Friday, June 16, 2006

What can historians offer policymakers?

To some, even asking this question goes against the nature of history. After all, they argue, history should not have to offer policymakers anything. History is not a service industry; it is an intellectual pursuit. Historians should be engaged in a study of the past with as little thought to the present as humanly possible.

While I see the value of this kind of thinking, and certainly believe that historians should strive for objectivity and search out the truth about the past as far as possible, there is another way of looking as the discipline of history. After all, policymakers and the rest of society do take something from history, and they do it even if they do not realize it. It is simply not possible to remove oneself from one's own context and reality (political affiliation, personal history, occupation, country of residence, gender, age, etc.), and to have one's own worldviews not colour in some way how one sees the world. This is not a condemnation; it is just the way things are. We are always in some way connected with the present.

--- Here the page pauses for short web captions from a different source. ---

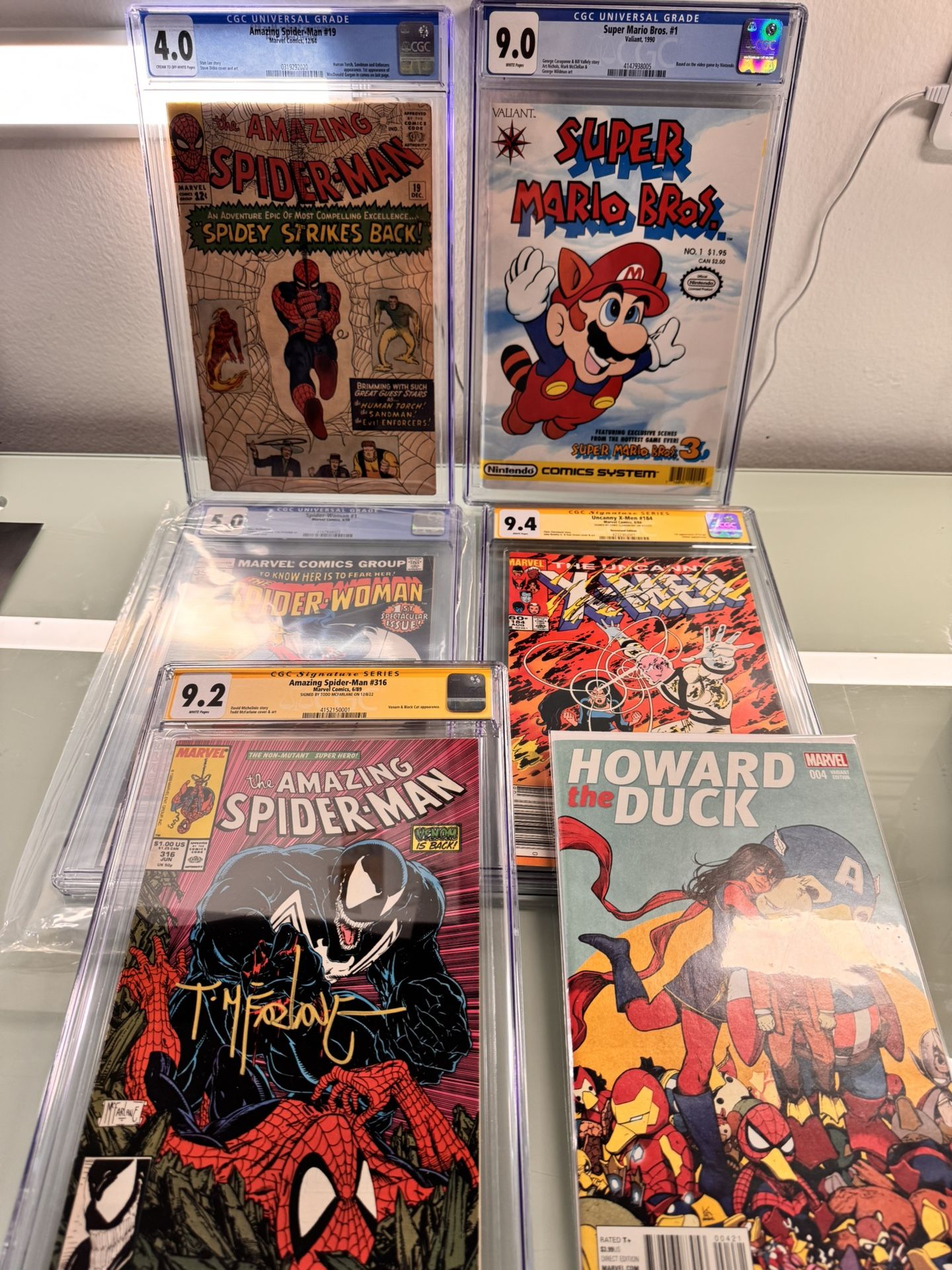 Comic Books Graded Book And One Raw No Trades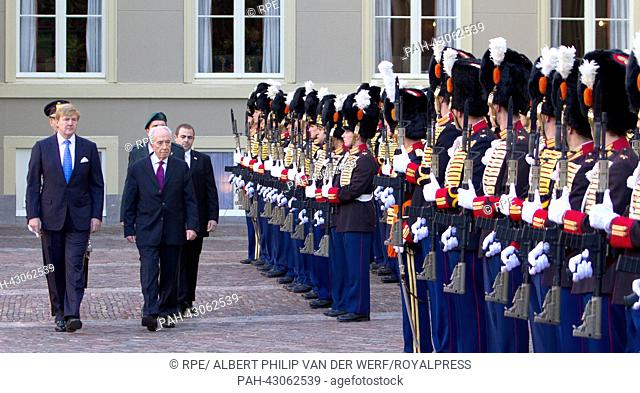 King Willem-Alexander of the Netherlands (R) recieves Israelian president Schimon Peres at Palace Noordeinde during his official visit to the Netherlands in The...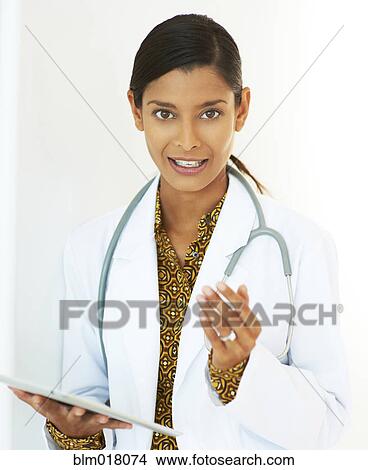 Picture - Mixed race doctor holding tablet computer. Fotosearch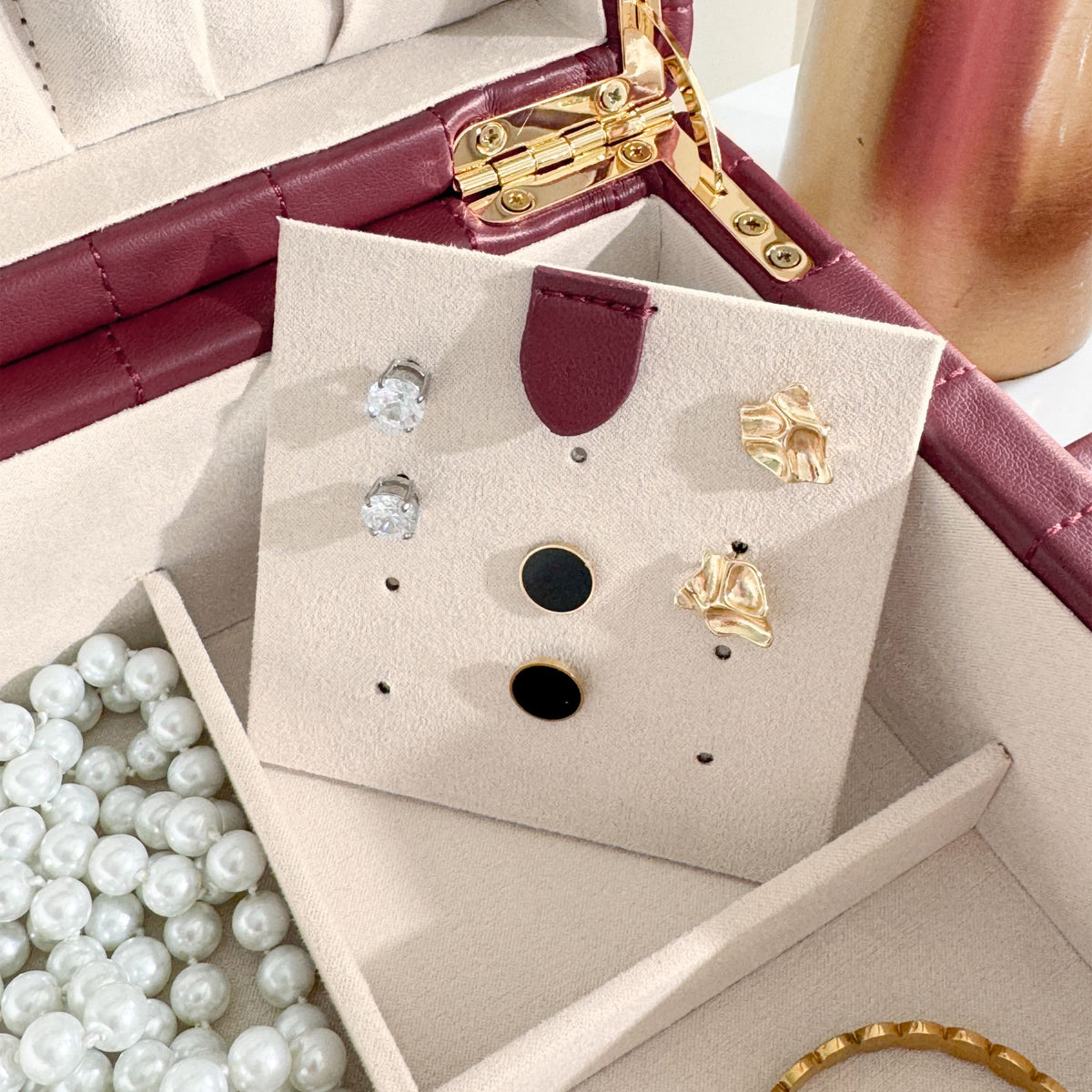 Boîte à bijoux matelassé Saphira bordeaux. Zoom sur le support à boucles d'oreille, rempli de boucles d'oreille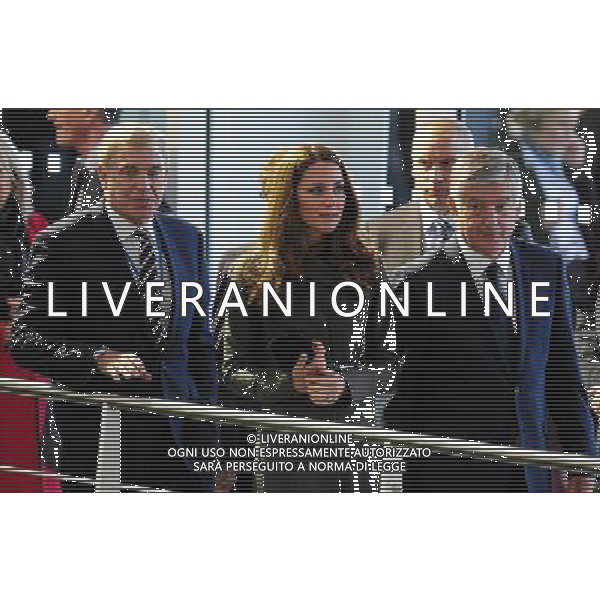 The Duchess of Cambridge with Trevor Brooking and David Bernstein (right) during the official launch of The Football Association\'s National Football Centre at St George\'s Park in Burton-upon-Trent, England. ©photoshot/AGENZIA ALDO LIVERANI SAS - ITALY ONLY - REALI INGLESI: Il principe William e la moglie Kate Middleton alla presentazione ufficiale di The Football Association National Football Centre al Parco di San Giorgio a Burton upon Trent, Inghilterra 09/10/2012. 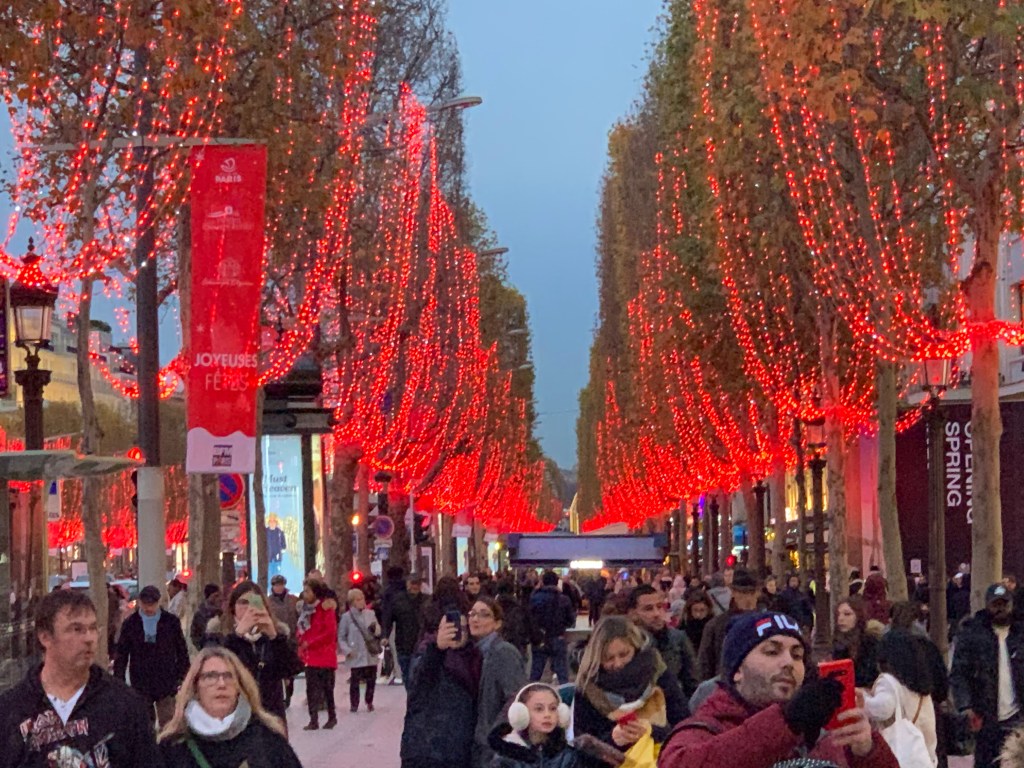 Image of the trees lit up along the Champs-Élysées.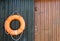 Close-up of a lifebelt on a wooden door.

If historians don't take time out of their busy talking-to-other-historians schedules to counsel policymakers and the public, then others will do that job for them. I don't mean to say that all historians need to be publicly engaged, but it is vital that some are. And "some" probably means more than are doing it now. How often do we see commentators with a political axe to grind misusing history to serve their partisan purposes? Too often, I think. Of course this will always happen, but if more historians were actively engaged in educating the public about the past with an eye to, yes, influencing present-day thinking, then maybe, just maybe, the world would be a better place. The truth may not set us free---and not only because historians often disagree---but more self-awareness is always better than less. More understanding of where we have been, why past generations followed certain paths and where this lead them can only be a positive thing. And since many historians, whatever their natural aversion to commenting on the present, spend their professional lives thoughtfully considering and passing judgment on past policy decisions, it is incumbent upon some of them to weigh in on important contemporary issues. After all, more informed commentary is always better than less.

I could go on, but you get my point. Any thoughts?